**DATA SUPPLIED**
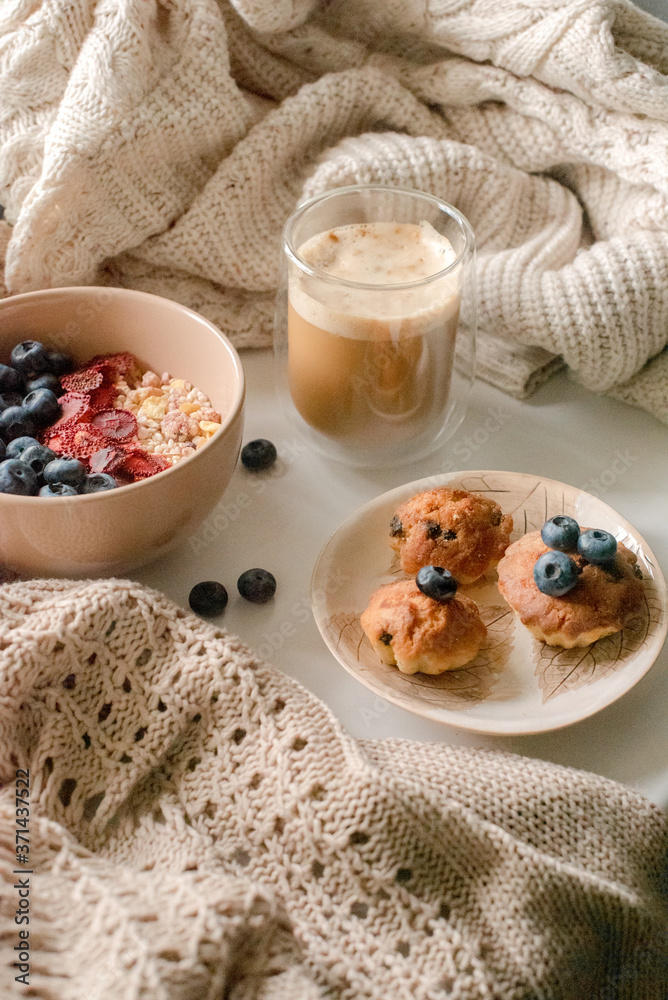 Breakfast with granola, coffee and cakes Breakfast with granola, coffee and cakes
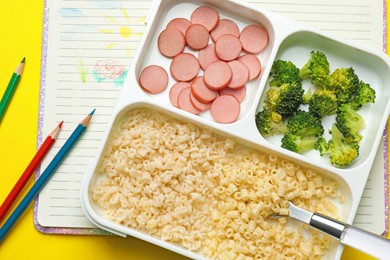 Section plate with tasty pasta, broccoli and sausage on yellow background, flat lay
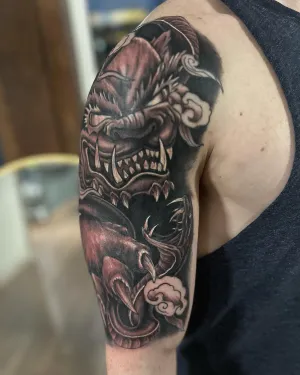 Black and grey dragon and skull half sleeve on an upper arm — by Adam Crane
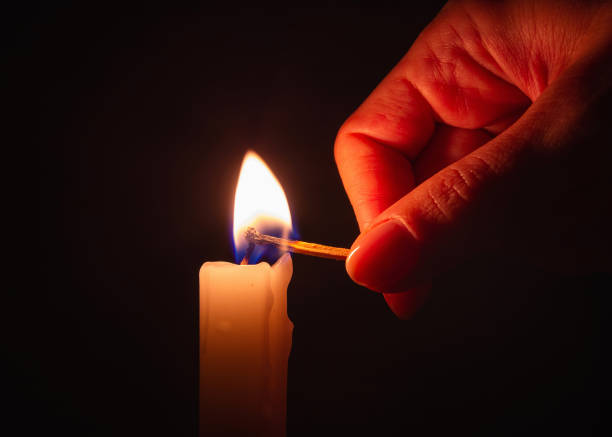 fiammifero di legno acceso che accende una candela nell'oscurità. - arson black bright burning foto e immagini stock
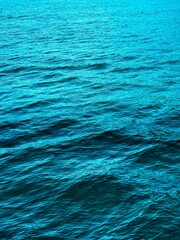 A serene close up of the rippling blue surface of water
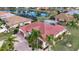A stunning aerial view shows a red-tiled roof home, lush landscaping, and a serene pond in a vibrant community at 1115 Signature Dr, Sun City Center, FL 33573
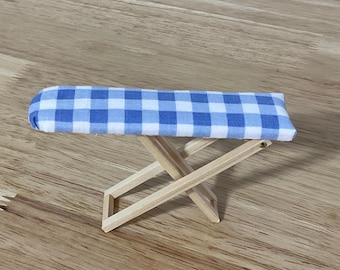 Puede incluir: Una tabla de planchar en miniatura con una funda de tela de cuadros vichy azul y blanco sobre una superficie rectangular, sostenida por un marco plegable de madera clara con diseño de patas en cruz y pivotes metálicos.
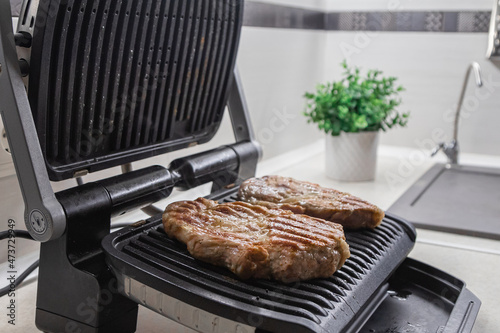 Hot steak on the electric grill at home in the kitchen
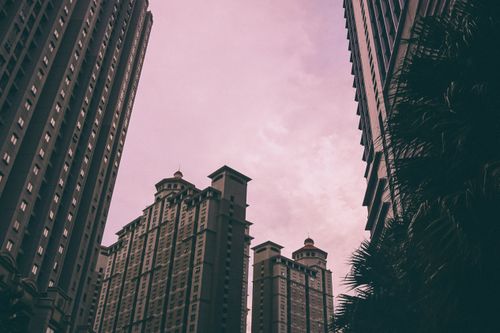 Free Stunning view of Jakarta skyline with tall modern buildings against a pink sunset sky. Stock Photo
* * *
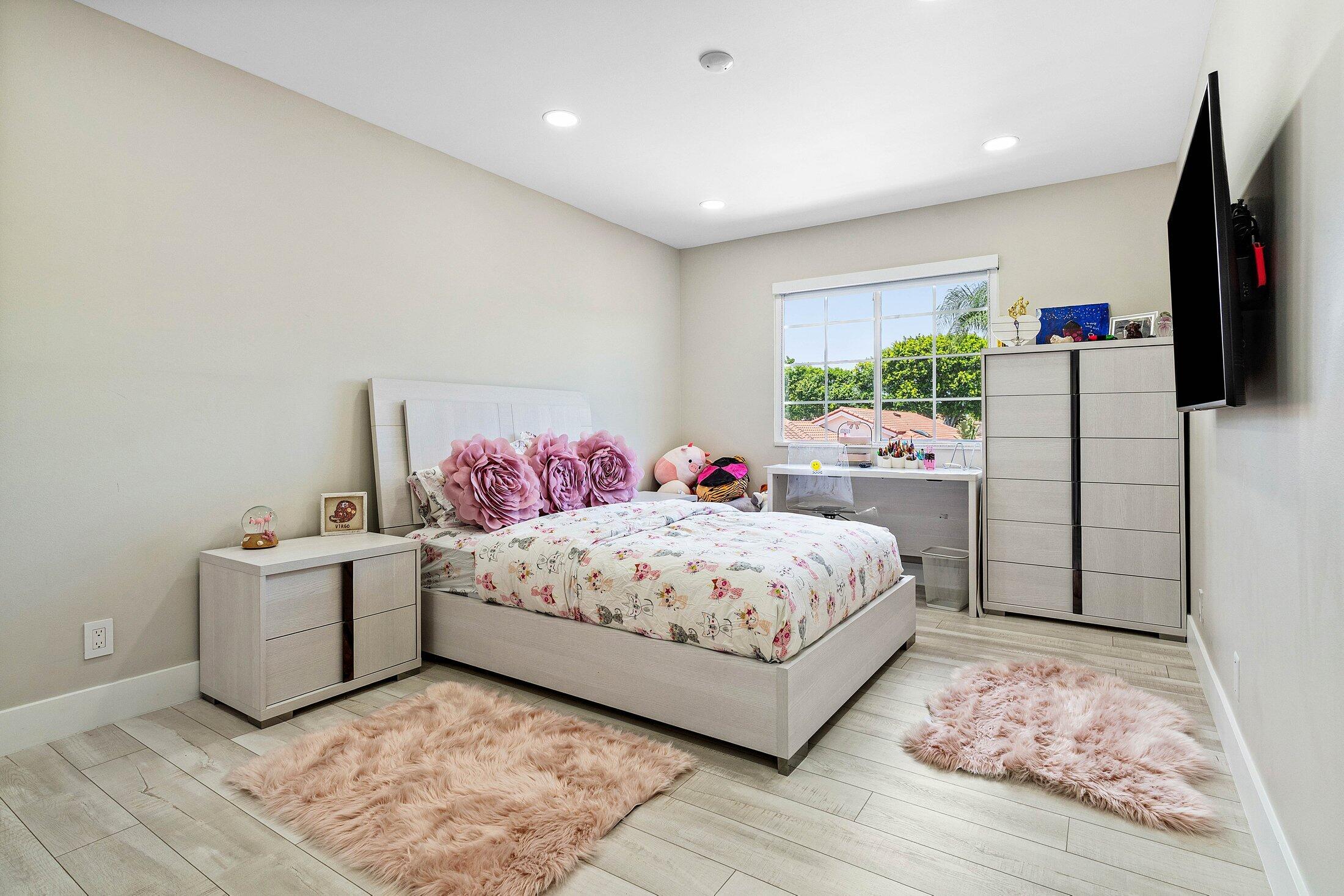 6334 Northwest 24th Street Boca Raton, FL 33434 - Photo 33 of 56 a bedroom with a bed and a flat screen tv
--
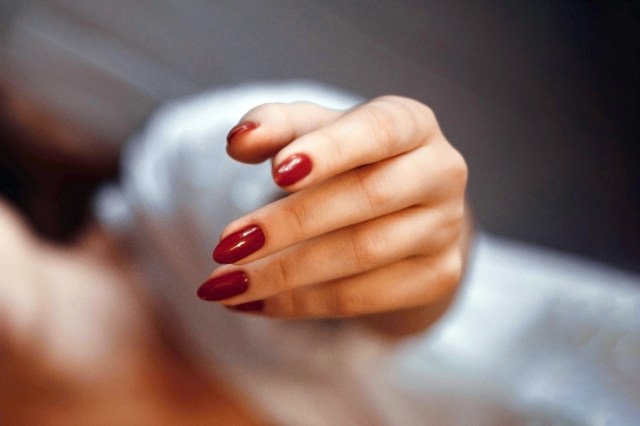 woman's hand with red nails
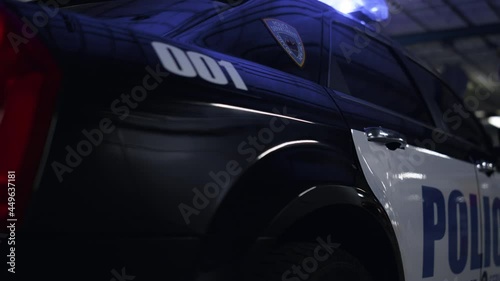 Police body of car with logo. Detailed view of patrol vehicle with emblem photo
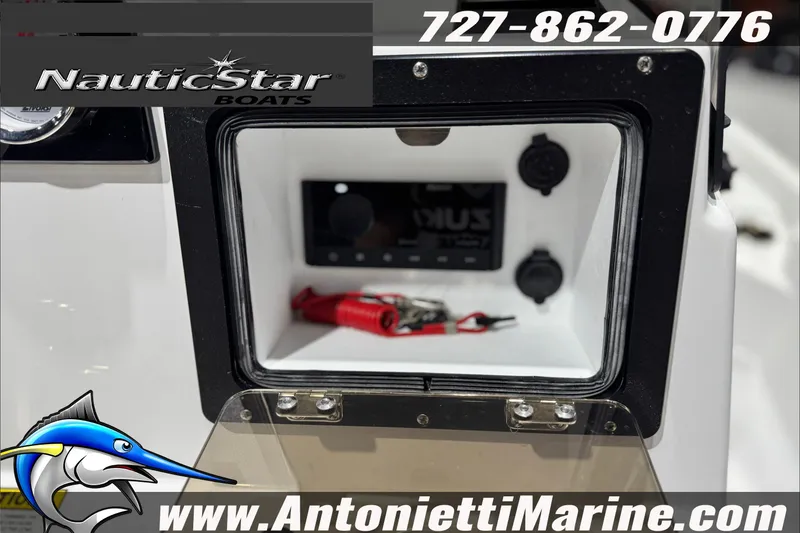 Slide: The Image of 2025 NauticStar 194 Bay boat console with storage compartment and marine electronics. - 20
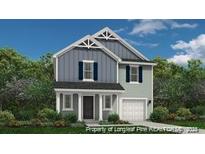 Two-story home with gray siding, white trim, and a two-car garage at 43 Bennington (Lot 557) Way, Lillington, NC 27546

**WORK TO COMPLETE**
What you need to produce is an exact copy of the entries above, limited to the lines from the one with "Black and grey" up to and including the one with "Puede incluir: Una", without pictures.

**EXERCISE SOLUTION**
 Black and grey dragon and skull half sleeve on an upper arm — by Adam Crane
 fiammifero di legno acceso che accende una candela nell'oscurità. - arson black bright burning foto e immagini stock
 A serene close up of the rippling blue surface of water
A stunning aerial view shows a red-tiled roof home, lush landscaping, and a serene pond in a vibrant community at 1115 Signature Dr, Sun City Center, FL 33573
 Puede incluir: Una tabla de planchar en miniatura con una funda de tela de cuadros vichy azul y blanco sobre una superficie rectangular, sostenida por un marco plegable de madera clara con diseño de patas en cruz y pivotes metálicos.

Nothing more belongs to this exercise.